◆ EXERCISE GOAL ◆
Restate, word for word and with no pictures, the stretch of lines in the data below that begins at the line with "Parduodamas išskirtinis loftas" and ends at the line with "17 Wildfire Ln, New Castle, DE 19720", inclusive.

====== RAW DATA ======

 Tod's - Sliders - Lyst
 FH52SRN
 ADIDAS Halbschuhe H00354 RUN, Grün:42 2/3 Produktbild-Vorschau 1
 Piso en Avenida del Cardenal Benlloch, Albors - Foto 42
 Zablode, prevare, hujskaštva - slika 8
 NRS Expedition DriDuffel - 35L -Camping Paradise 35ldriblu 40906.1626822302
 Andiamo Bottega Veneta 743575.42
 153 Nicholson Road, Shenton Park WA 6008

======
====== RAW DATA ======

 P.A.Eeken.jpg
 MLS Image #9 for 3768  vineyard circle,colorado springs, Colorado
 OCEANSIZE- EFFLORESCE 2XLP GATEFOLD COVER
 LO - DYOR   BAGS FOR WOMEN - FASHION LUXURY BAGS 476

======
====== RAW DATA ======

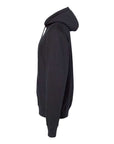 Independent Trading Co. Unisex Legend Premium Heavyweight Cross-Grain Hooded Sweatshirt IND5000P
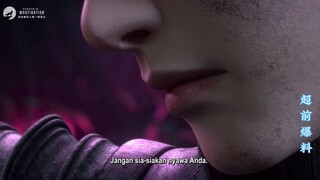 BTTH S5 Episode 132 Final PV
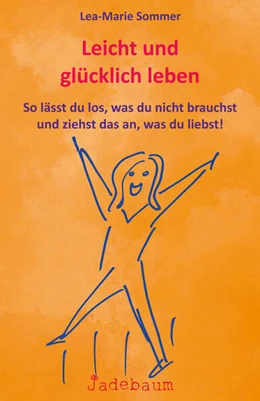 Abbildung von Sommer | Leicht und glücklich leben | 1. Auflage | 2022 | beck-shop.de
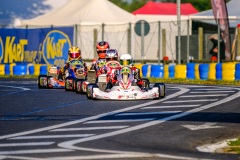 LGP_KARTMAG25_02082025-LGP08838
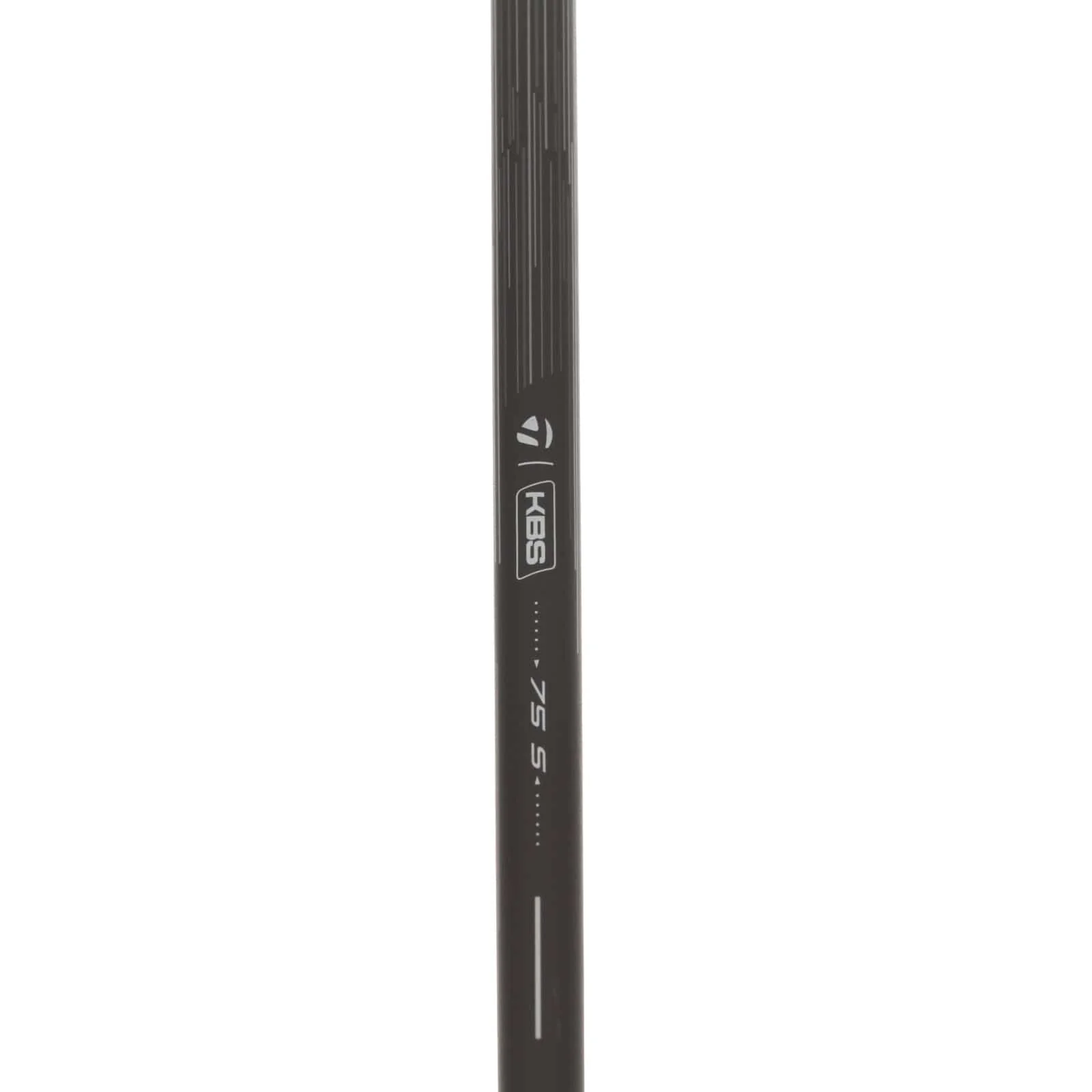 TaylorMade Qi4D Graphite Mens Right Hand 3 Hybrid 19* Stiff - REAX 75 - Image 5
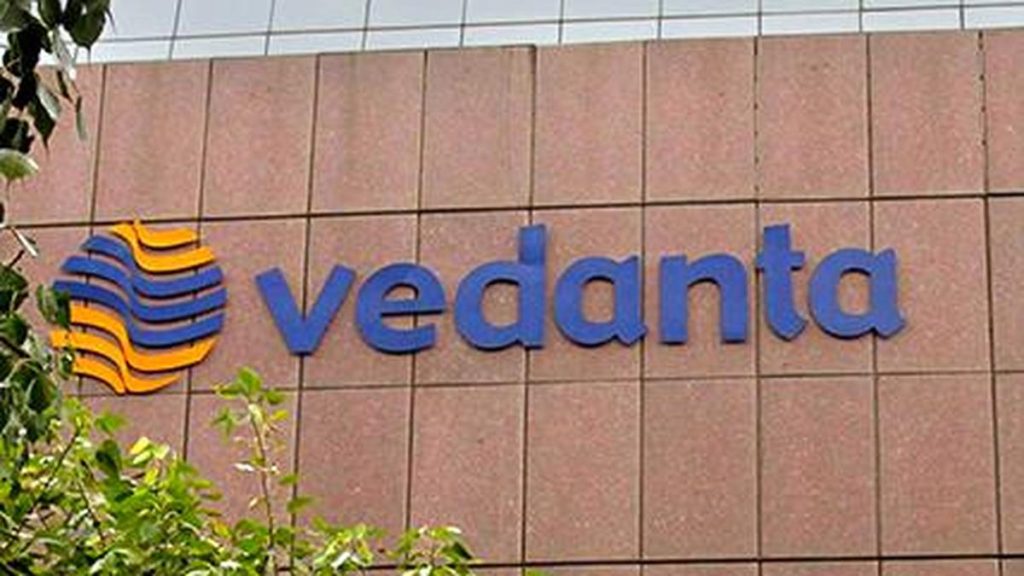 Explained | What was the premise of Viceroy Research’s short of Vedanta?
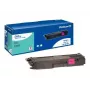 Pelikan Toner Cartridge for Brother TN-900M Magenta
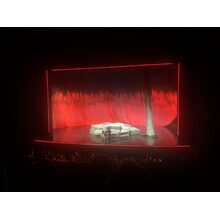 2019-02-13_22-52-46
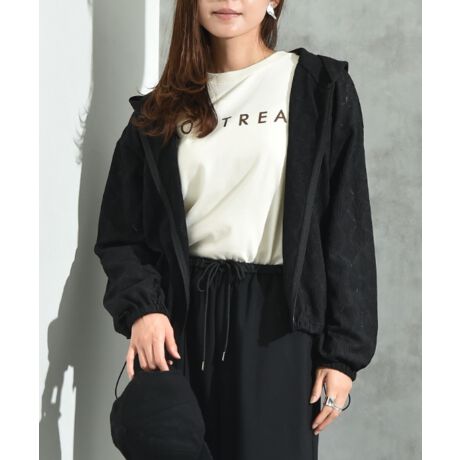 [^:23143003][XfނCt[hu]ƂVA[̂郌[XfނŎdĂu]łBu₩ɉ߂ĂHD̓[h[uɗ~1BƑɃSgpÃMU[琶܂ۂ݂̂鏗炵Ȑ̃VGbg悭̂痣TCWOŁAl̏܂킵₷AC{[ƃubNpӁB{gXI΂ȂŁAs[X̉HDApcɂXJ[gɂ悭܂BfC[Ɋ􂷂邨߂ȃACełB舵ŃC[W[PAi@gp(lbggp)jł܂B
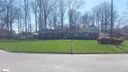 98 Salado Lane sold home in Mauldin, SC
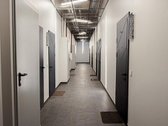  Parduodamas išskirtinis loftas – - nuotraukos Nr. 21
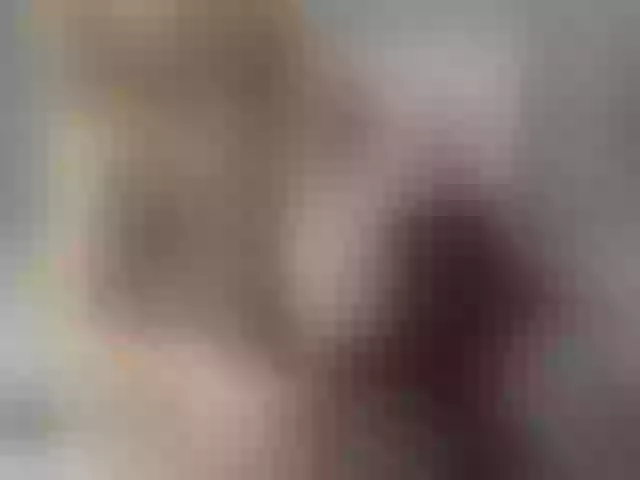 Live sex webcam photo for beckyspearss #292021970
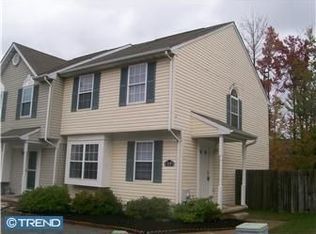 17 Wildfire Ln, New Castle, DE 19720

======

◆ OUTPUT FOR THIS EXERCISE ◆
  Parduodamas išskirtinis loftas – - nuotraukos Nr. 21
 Live sex webcam photo for beckyspearss #292021970
 17 Wildfire Ln, New Castle, DE 19720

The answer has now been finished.